* The data *
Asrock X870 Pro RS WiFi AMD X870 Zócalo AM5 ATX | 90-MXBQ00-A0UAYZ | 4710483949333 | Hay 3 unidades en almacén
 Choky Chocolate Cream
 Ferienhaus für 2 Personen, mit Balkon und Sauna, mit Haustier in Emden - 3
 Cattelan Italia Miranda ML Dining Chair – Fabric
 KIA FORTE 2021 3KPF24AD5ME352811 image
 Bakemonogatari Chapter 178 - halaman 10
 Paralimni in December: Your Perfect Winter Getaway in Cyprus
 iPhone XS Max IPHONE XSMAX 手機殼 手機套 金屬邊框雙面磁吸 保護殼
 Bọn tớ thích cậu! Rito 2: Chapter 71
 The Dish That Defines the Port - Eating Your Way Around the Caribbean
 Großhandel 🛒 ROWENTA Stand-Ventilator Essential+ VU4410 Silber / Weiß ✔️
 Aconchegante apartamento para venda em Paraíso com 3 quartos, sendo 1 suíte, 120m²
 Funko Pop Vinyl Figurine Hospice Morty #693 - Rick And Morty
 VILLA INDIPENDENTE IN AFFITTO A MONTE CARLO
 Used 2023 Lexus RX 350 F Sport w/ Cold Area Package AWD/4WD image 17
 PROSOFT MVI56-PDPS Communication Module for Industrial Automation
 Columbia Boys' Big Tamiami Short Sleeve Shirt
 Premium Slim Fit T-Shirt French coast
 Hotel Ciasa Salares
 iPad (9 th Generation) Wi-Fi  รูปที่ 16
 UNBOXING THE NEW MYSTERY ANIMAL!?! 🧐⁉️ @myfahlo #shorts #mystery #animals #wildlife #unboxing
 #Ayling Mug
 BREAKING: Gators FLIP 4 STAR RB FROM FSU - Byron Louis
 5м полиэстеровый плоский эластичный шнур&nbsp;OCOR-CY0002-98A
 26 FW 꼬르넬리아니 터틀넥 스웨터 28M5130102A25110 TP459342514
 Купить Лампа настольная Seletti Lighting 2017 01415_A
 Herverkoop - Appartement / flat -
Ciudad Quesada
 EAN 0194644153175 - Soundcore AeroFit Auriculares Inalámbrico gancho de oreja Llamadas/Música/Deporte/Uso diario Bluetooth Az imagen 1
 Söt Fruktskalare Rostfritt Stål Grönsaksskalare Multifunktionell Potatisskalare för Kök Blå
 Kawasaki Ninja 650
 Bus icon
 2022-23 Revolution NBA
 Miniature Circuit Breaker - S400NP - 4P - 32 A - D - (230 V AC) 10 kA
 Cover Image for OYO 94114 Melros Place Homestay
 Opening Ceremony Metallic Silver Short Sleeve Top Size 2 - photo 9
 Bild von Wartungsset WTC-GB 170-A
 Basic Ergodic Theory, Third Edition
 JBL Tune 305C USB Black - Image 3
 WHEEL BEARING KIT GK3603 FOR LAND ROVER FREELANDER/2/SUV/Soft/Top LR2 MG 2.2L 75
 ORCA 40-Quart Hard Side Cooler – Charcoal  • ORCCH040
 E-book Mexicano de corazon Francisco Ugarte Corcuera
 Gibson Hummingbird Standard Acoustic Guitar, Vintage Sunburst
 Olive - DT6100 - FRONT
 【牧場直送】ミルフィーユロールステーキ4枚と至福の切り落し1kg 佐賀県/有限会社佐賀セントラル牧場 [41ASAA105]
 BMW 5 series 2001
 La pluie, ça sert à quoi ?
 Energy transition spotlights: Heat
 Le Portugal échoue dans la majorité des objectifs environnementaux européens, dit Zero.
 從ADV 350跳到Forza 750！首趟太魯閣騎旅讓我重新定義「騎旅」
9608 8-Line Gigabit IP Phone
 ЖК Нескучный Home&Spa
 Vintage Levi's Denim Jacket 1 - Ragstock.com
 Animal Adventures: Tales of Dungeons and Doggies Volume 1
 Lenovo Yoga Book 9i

* Task description *
Only the lines from the first line of the records through the line with "E-book Mexicano de" should be reproduced, exactly and with nothing added.

* Exercise result *
Asrock X870 Pro RS WiFi AMD X870 Zócalo AM5 ATX | 90-MXBQ00-A0UAYZ | 4710483949333 | Hay 3 unidades en almacén
 Choky Chocolate Cream
 Ferienhaus für 2 Personen, mit Balkon und Sauna, mit Haustier in Emden - 3
 Cattelan Italia Miranda ML Dining Chair – Fabric
 KIA FORTE 2021 3KPF24AD5ME352811 image
 Bakemonogatari Chapter 178 - halaman 10
 Paralimni in December: Your Perfect Winter Getaway in Cyprus
 iPhone XS Max IPHONE XSMAX 手機殼 手機套 金屬邊框雙面磁吸 保護殼
 Bọn tớ thích cậu! Rito 2: Chapter 71
 The Dish That Defines the Port - Eating Your Way Around the Caribbean
 Großhandel 🛒 ROWENTA Stand-Ventilator Essential+ VU4410 Silber / Weiß ✔️
 Aconchegante apartamento para venda em Paraíso com 3 quartos, sendo 1 suíte, 120m²
 Funko Pop Vinyl Figurine Hospice Morty #693 - Rick And Morty
 VILLA INDIPENDENTE IN AFFITTO A MONTE CARLO
 Used 2023 Lexus RX 350 F Sport w/ Cold Area Package AWD/4WD image 17
 PROSOFT MVI56-PDPS Communication Module for Industrial Automation
 Columbia Boys' Big Tamiami Short Sleeve Shirt
 Premium Slim Fit T-Shirt French coast
 Hotel Ciasa Salares
 iPad (9 th Generation) Wi-Fi  รูปที่ 16
 UNBOXING THE NEW MYSTERY ANIMAL!?! 🧐⁉️ @myfahlo #shorts #mystery #animals #wildlife #unboxing
 #Ayling Mug
 BREAKING: Gators FLIP 4 STAR RB FROM FSU - Byron Louis
 5м полиэстеровый плоский эластичный шнур&nbsp;OCOR-CY0002-98A
 26 FW 꼬르넬리아니 터틀넥 스웨터 28M5130102A25110 TP459342514
 Купить Лампа настольная Seletti Lighting 2017 01415_A
 Herverkoop - Appartement / flat -
Ciudad Quesada
 EAN 0194644153175 - Soundcore AeroFit Auriculares Inalámbrico gancho de oreja Llamadas/Música/Deporte/Uso diario Bluetooth Az imagen 1
 Söt Fruktskalare Rostfritt Stål Grönsaksskalare Multifunktionell Potatisskalare för Kök Blå
 Kawasaki Ninja 650
 Bus icon
 2022-23 Revolution NBA
 Miniature Circuit Breaker - S400NP - 4P - 32 A - D - (230 V AC) 10 kA
 Cover Image for OYO 94114 Melros Place Homestay
 Opening Ceremony Metallic Silver Short Sleeve Top Size 2 - photo 9
 Bild von Wartungsset WTC-GB 170-A
 Basic Ergodic Theory, Third Edition
 JBL Tune 305C USB Black - Image 3
 WHEEL BEARING KIT GK3603 FOR LAND ROVER FREELANDER/2/SUV/Soft/Top LR2 MG 2.2L 75
 ORCA 40-Quart Hard Side Cooler – Charcoal  • ORCCH040
 E-book Mexicano de corazon Francisco Ugarte Corcuera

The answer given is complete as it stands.